Questo “fondo di solidarietà nazionale”, chiamato anche “fondo perequativo”, era destinato a finanziare le spese in conto capitale sostenute dal Governo regionale, quindi aveva l’importante funzione di sostenere ed incrementare il PIL, notoriamente molto basso nel nostro territorio. Ma pensate che questa disposizione sia stata e sia ancora rispettata? Secondo i dati, tale fondo ammontava a circa 1800 milioni di euro annuali fino alla fine degli anni ’80; successivamente, tale somma è stata progressivamente decurtata, fino a giungere ad un minimo di 400 mila euro nell’anno 1998. Una notevole riduzione, ma c’è di più; nel periodo compreso fra il 1999 e il 2002, la Regione non ha più ricevuto questo fondo da parte dello Stato! Nel 2003 poi è stata ripresa la normale erogazione, ma sempre in quantità minore; l’ultimo dato risale al 2010, in cui l’ammontare del fondo è pari a 20 milioni di euro.
A dire la verità, per ben due volte la Regione ha presentato ricorso contro lo Stato, davanti la Corte Costituzionale, per i tagli al fondo di solidarietà nazionale; ma in entrambi i casi, prima nel 1987, poi 5 anni dopo, nel 1992, la pronuncia dei giudici costituzionali è stata negativa, ritenendo che il contributo “per quanto costituisca un obbligo costituzionale, non è vincolato sia per quanto riguarda l’ammontare che le modalità di erogazione, ad alcuna garanzia costituzionale” e che “l’ulteriore riduzione degli accantonamenti per il contributo di solidarietà è frutto di una valutazione non irragionevole del legislatore statale, in quanto riflette l’urgenza di arginare l’espansione del deficit pubblico senza alterare la complessiva rispondenza tra bisogni fondamentali della Regione e mezzi finanziari per farvi fronte” (cito testualmente dalle due sentenze emesse dalla Corte).
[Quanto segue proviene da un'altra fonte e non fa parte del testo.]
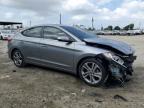2017 Hyundai Elantra Se იყიდება Los Angeles-ში, CA - Front End
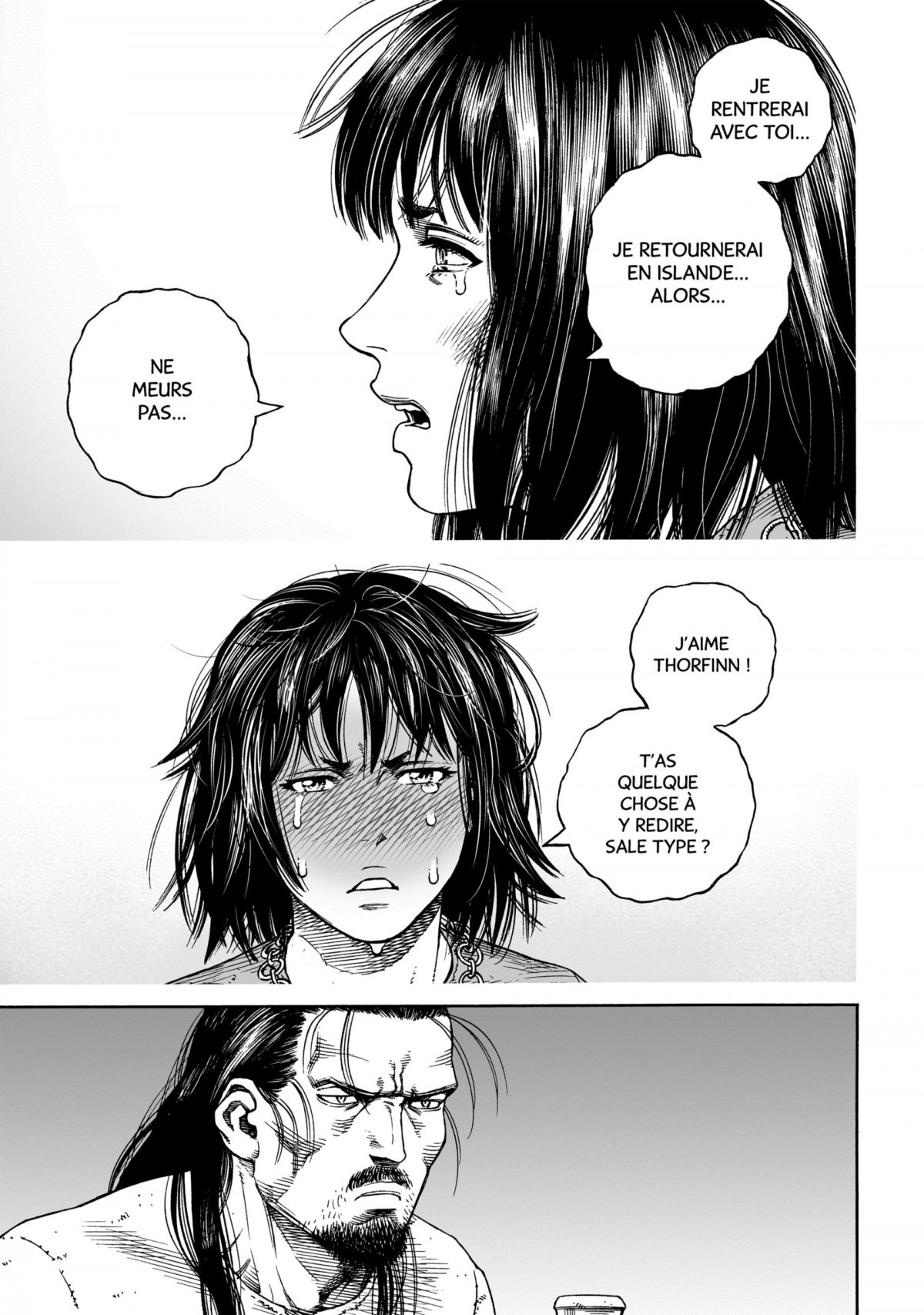 Vinland saga 23 - Extrait 1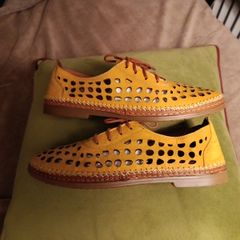 Coco & Apricot ladies flats size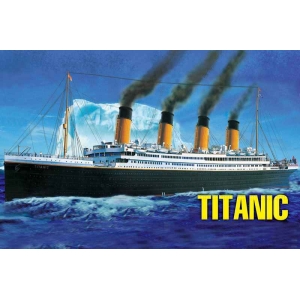 Hobby Boss 81305 - R.M.S. Titanic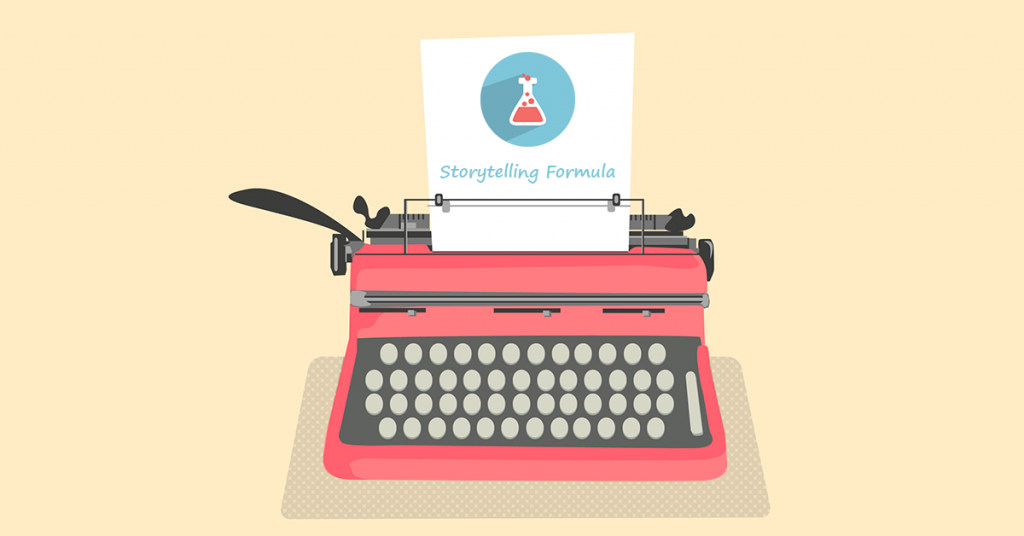 Storytelling Formula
Un’autonomia concessa sulla carta, ma mai veramente attuata; una violazione di norme di rango costituzionale, grave, ma mai punita in quanto tale. Con questo, non voglio dire che la colpa della crisi (che dalle nostre parti è iniziata ben prima del crollo della Lehmann Brothers) sia da addossare interamente allo Stato; anzi, purtroppo per noi, i nostri amministratori regionali si sono sempre distinti per lo spreco del denaro pubblico. Ma allo stesso tempo, credo che sia doveroso denunciare la mancata attuazione di questa parte del nostro Statuto, la quale ha tolto e continua a togliere moltissime risorse alla Regione, e quindi pregiudica gli investimenti, i finanziamenti, e inoltre tradisce l’essenza stessa dell’autonomia, che dovrebbe rappresentare una marcia in più, e non un handicap.

Roberto Odisseo

1 commento:

Emanuel Butticè ha detto...

non posso che essere d'accordo...non è il solo caso di "autonomia concessa solo sulla carta"...siamo i primi in Italia per produzione di petrolio e paghiamo la benzina più cara d'Italia...ma le tasse la paghiamo al nord."Alla faccia dei leghisti che sostengono che la Sicilia sottrae risorse allo Stato…"?Ben detto!!!